For starters, his comments he made toward women, Hispanics, and the Islamic community are seen as going too far. People felt that his lack of compassion and empathy does not grant him forgiveness. He also has this view of someone has to lose and someone has to win. Fine if you’re an athlete, but what about president. Having these views can only work against you in the end. Sometimes you have to bite the bullet, but Trump can’t. This is his downfall, and is something he must curb. In addition, Trump need to learn everything does not need a response. And if he does respond, then it shouldn’t be in this sophomoric manner. So with that said, I understand other people’s frustration.

But, on the other hand, why not listen to what he has to say? Didn’t he speak about cleaning the swamp. I agree, aren’t we all tired of career politicians? They make promises and never deliver. So a man who has already signed into an executive order what he promised is living by his word. He is doing what he said he would do. What about keeping our borders safe, isn’t that important? Shouldn’t we be keeping tabs on those who enter the country?

In the end, I think the majority of issues with Trump is not the compaign trail anymore, it’s his now behavior. The way he interacts with the press. He needs to learn to tone it down. He could easily flip around those that don’t like him into liking him. So until the feelings toward him change as well as he personality, then we will see nothing but protest from here on out.



“Is there a legitimate reason to fear?”

As president elect Donald Trump now takes control over the White House, conversations begin to take place regarding him running the country. Saturday January 21st, 2017 was the day protest were held in major cities across the country and around the world. Women took to the streets as they marched in opposition of the new president elect. From New York City to Chicago, from Los Angeles to over the Pacific Ocean into Sydney Australia. Women who felt their rights would be in jeopardy of being impeded  upon once the new president took office. These protest would reach record numbers into the millions.
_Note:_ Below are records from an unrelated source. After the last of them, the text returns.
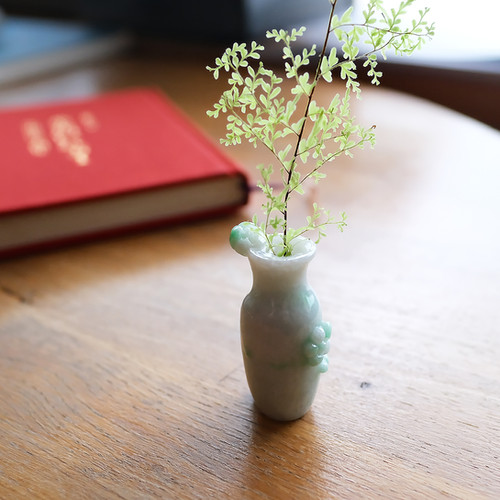 天然石翡翠薔薇 置物 翡翠置物『JADE FLOWER BOTTLE』98899 | 翡翠専門店 ジョイテック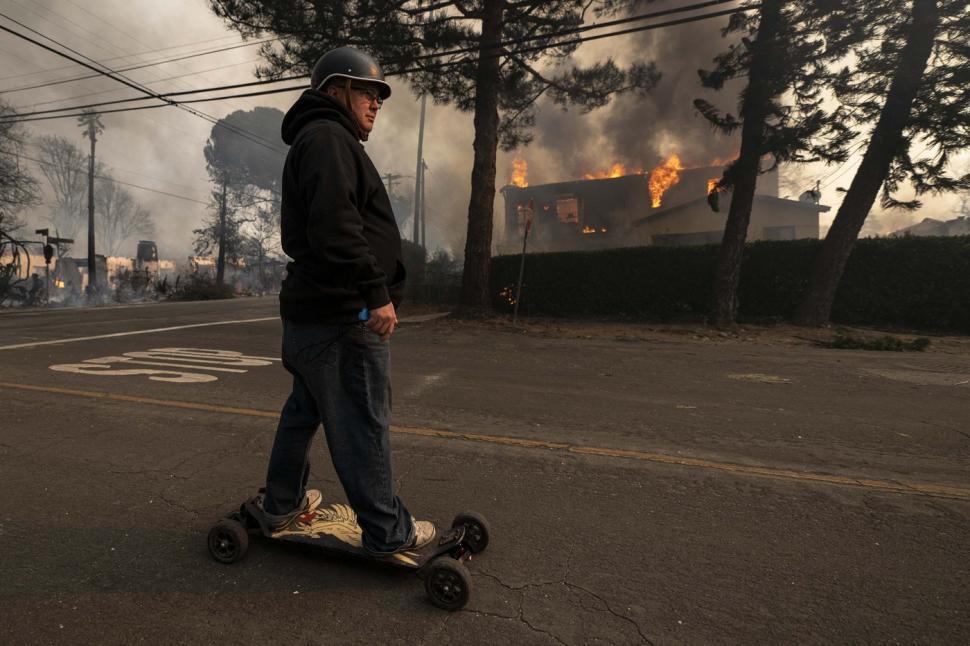 Incendiile din Los Angeles se apropie de semnul Hollywood. Cum arată acum Sunset Boulevard și alte locuri pe care le știm din filme 945157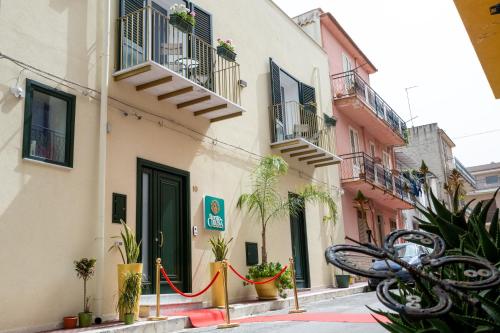 una calle en una ciudad con un edificio en Borgo La Chiusa, en Cinisi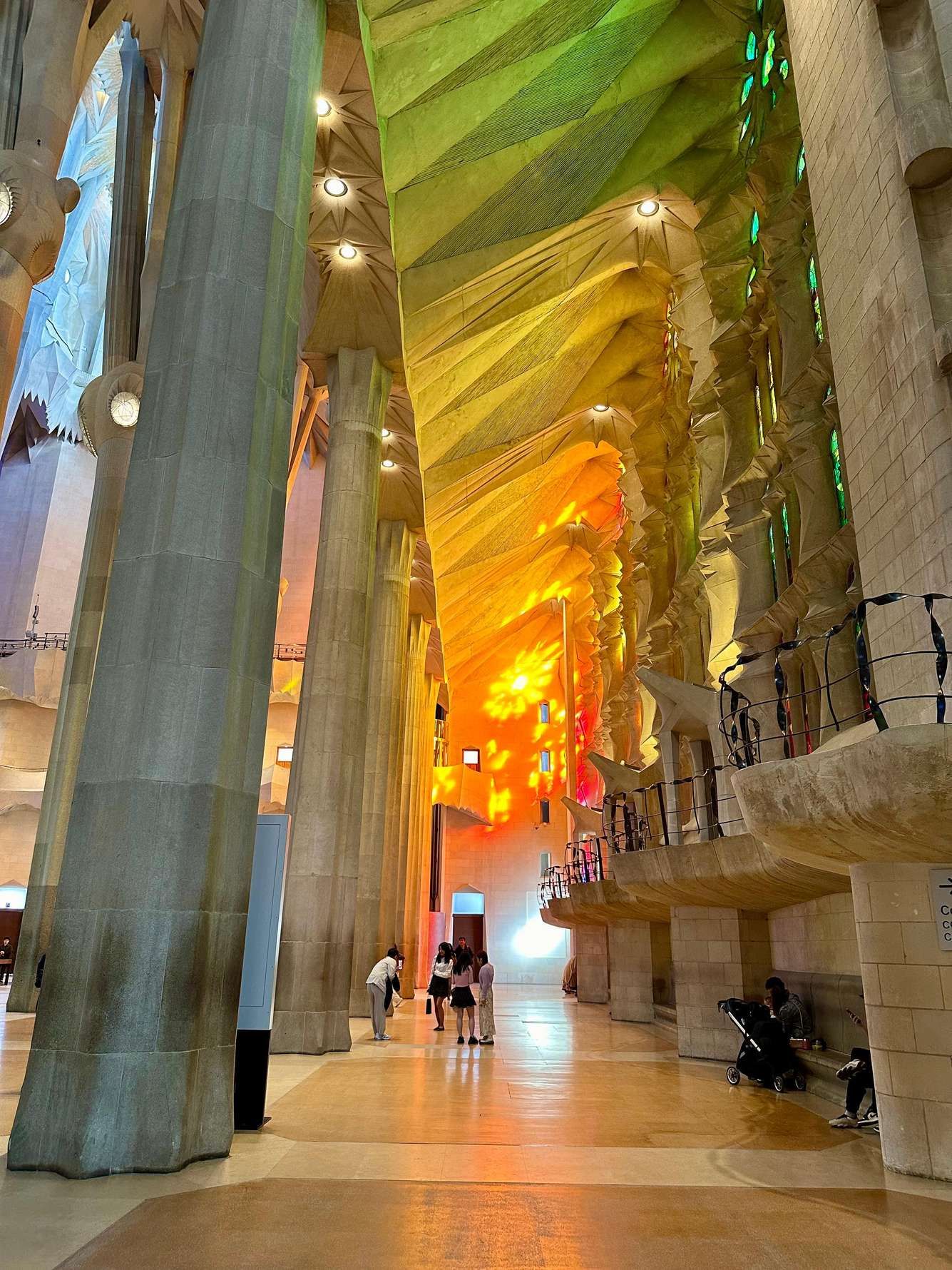 Sagrada Familia Tour with Passion Tower Views, Barcelona — photo 1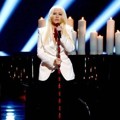 Penampilan Christina Aguilera di Panggung People's Choice Awards 2013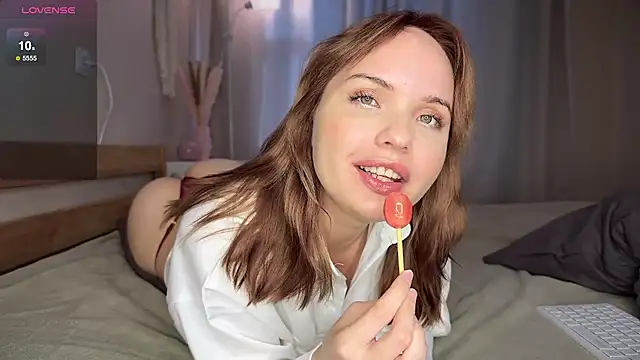 Snapshot of catherine__meow chatting on September 2025 08:28:02 AM catherine meow online show from September 2025 08:28:02 AM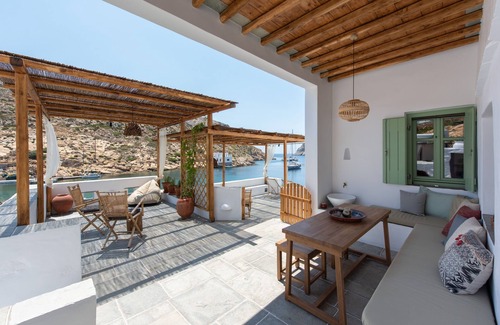 Artemonas Apartment | Family-Friendly Getaway at Psarona Hospitality Small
Now my question is, are we right to protest or are we more afraid than we should be of the newly inaugurated president? Even though he is the leader, how much voice will he really carry? And to what extent will he even be allowed to do what we’re afraid he will do? Could he really do what we’re all afraid will happen? If given enough time, is it possible that he can turn around so much he has said in the past? Or is it too late and there is no going back? The reality is yes and no. But we all have theories as to why he can hurt the country, but why he can’t is something we don’t discuss. Well, what is truly stopping him from doing what all our fears are in the end?

For starters, removing the 11 million immigrants from the country is more of a can’t do. Something of such magnitude isn’t as easy as just walking into households removing people. The initial cost to do so would require massive logistical issues that is a sure enough nightmare for the government. Not to mention the economic loses from people being forced out. The problem is that there are a lot of emotions and not enough thought driving these initiatives. But for those who know this specific group of people, they’re not sitting around living off the system. They’re contributing to the system. Whether it’s providing food and clothing for their families, to renting properties and sending children to college. So, forcing this many people out would cause short term and long term financial windfalls not to mention the massive blowback from the public who already have been vigilant in their fight against the president.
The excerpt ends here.